Problem statement: Only one span of the material below is wanted. Output it exactly, from the line with "Was sind die" through the line with "泰 という漢字の意味 成り立ち 読み方 画数 部首を学習", without any pictures.
Start of Data to examine
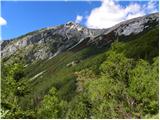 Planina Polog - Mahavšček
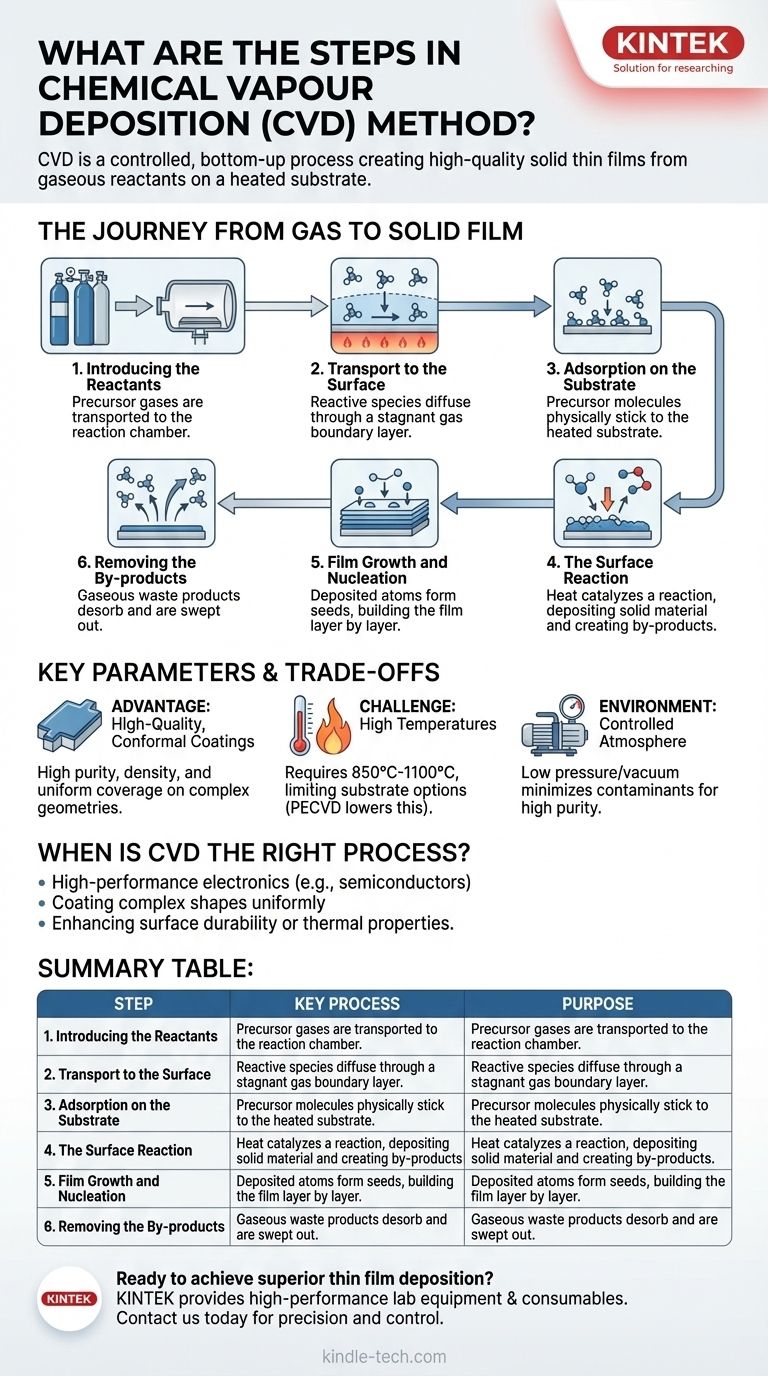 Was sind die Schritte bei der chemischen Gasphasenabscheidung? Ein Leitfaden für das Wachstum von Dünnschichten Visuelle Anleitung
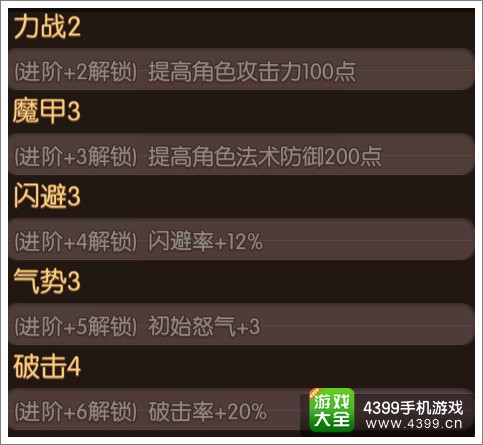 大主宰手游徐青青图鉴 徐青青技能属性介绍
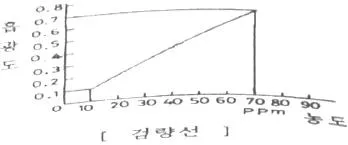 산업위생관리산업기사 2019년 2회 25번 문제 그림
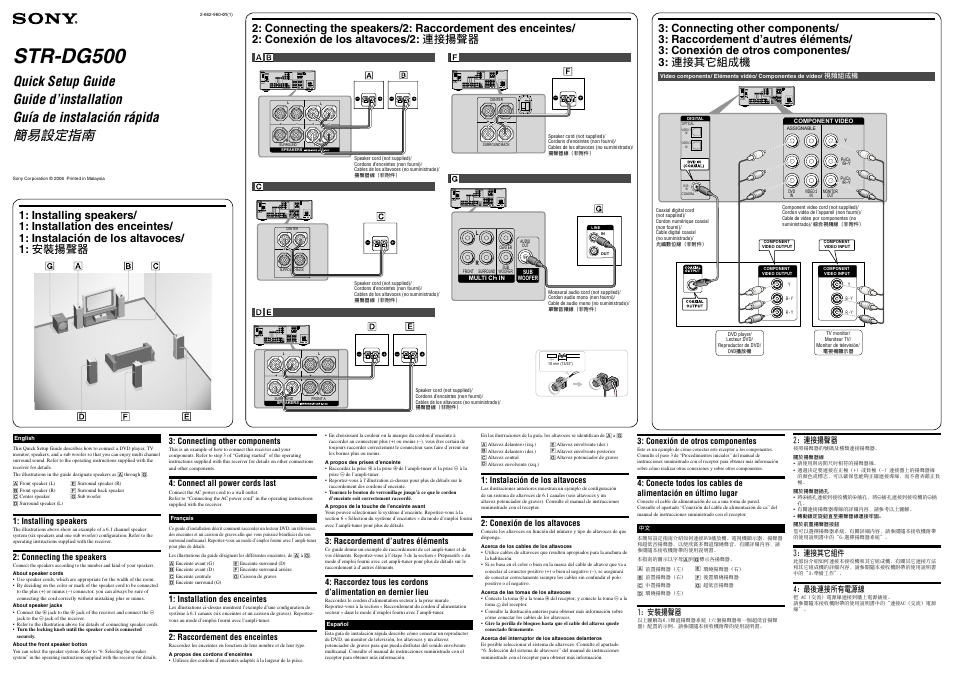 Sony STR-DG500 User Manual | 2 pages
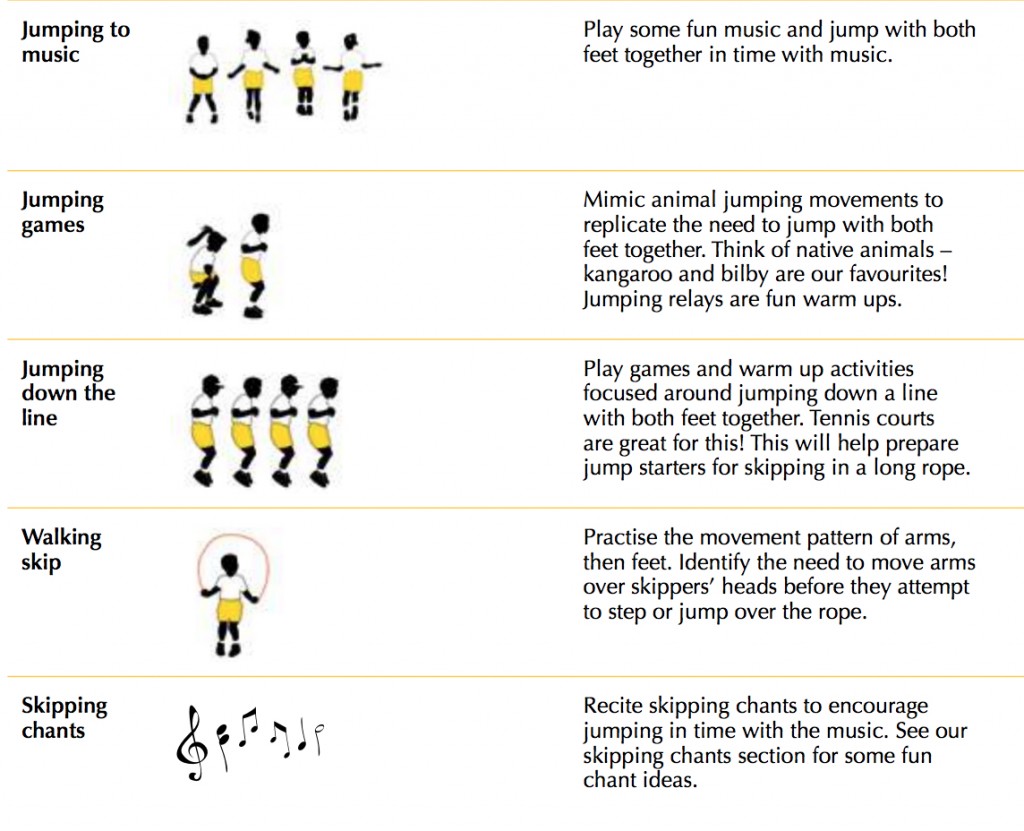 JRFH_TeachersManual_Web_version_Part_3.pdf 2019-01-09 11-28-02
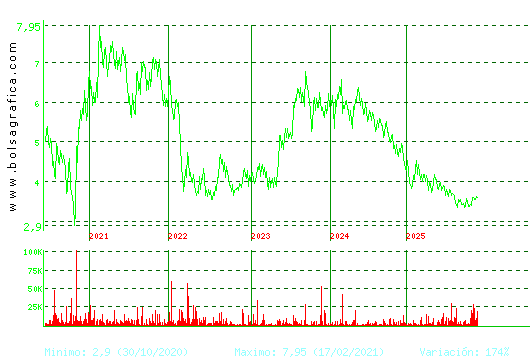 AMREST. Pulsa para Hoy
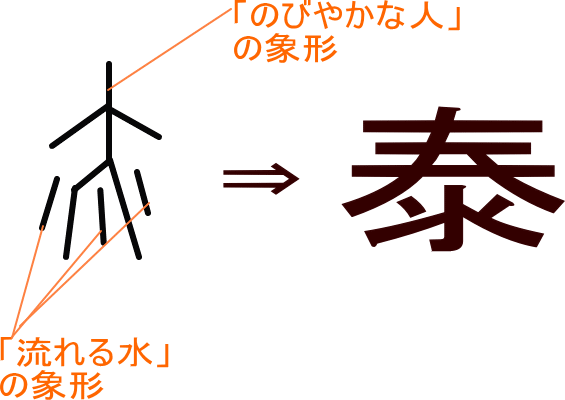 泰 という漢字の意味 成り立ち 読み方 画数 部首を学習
End of Data to examine
Start of Data to examine
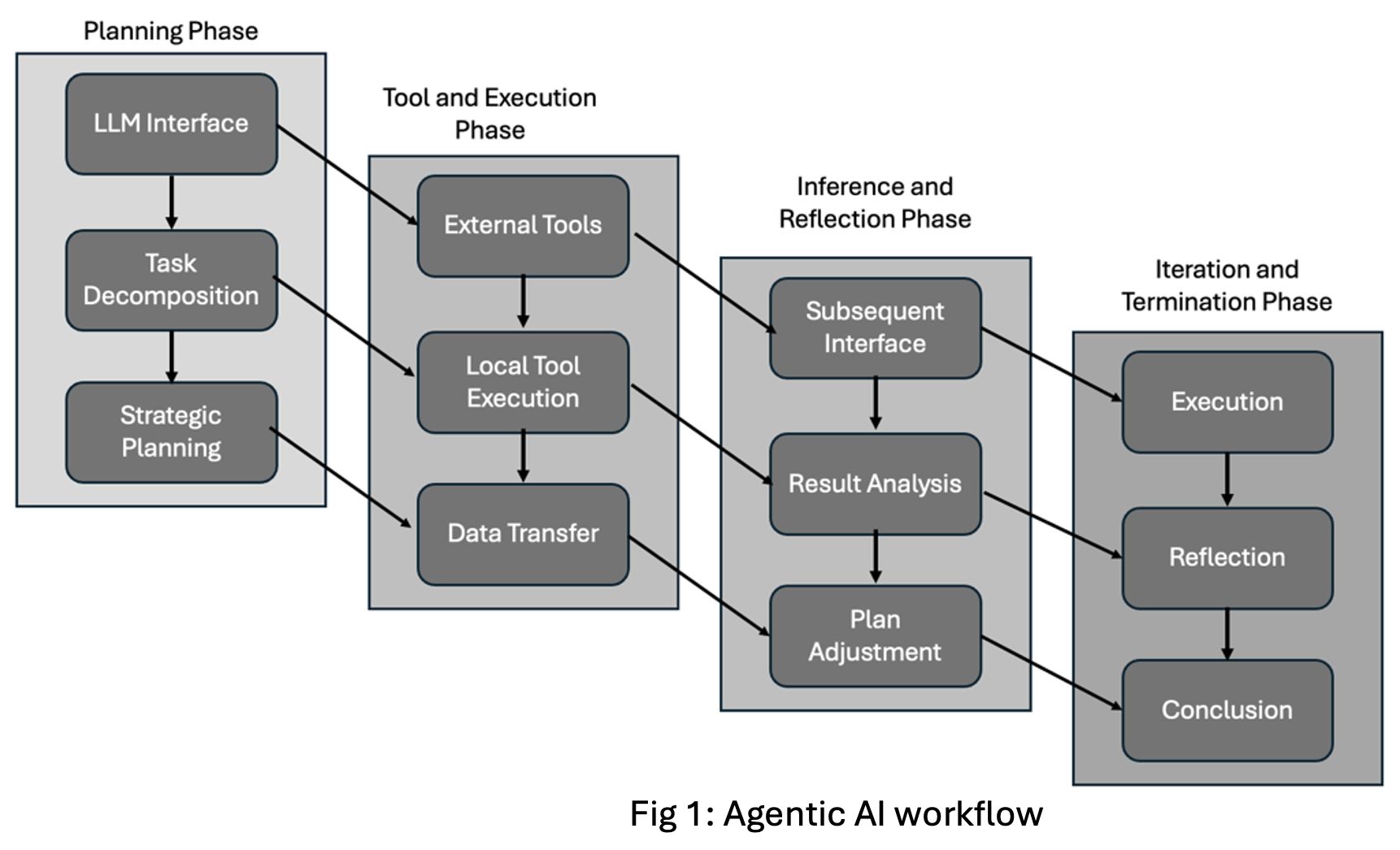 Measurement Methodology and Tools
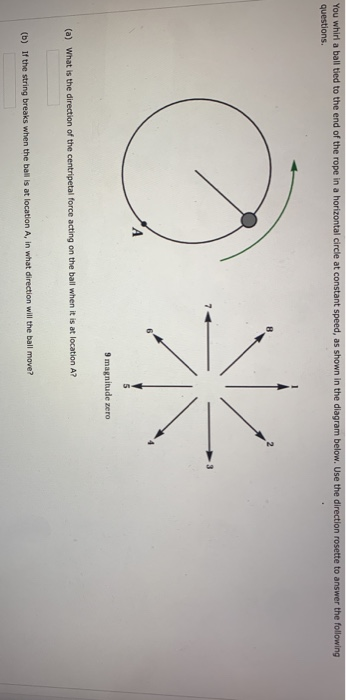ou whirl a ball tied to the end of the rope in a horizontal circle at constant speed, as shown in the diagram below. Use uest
End of Data to examine
Task response:
 Was sind die Schritte bei der chemischen Gasphasenabscheidung? Ein Leitfaden für das Wachstum von Dünnschichten Visuelle Anleitung
 大主宰手游徐青青图鉴 徐青青技能属性介绍
 산업위생관리산업기사 2019년 2회 25번 문제 그림
 Sony STR-DG500 User Manual | 2 pages
 JRFH_TeachersManual_Web_version_Part_3.pdf 2019-01-09 11-28-02
 AMREST. Pulsa para Hoy
 泰 という漢字の意味 成り立ち 読み方 画数 部首を学習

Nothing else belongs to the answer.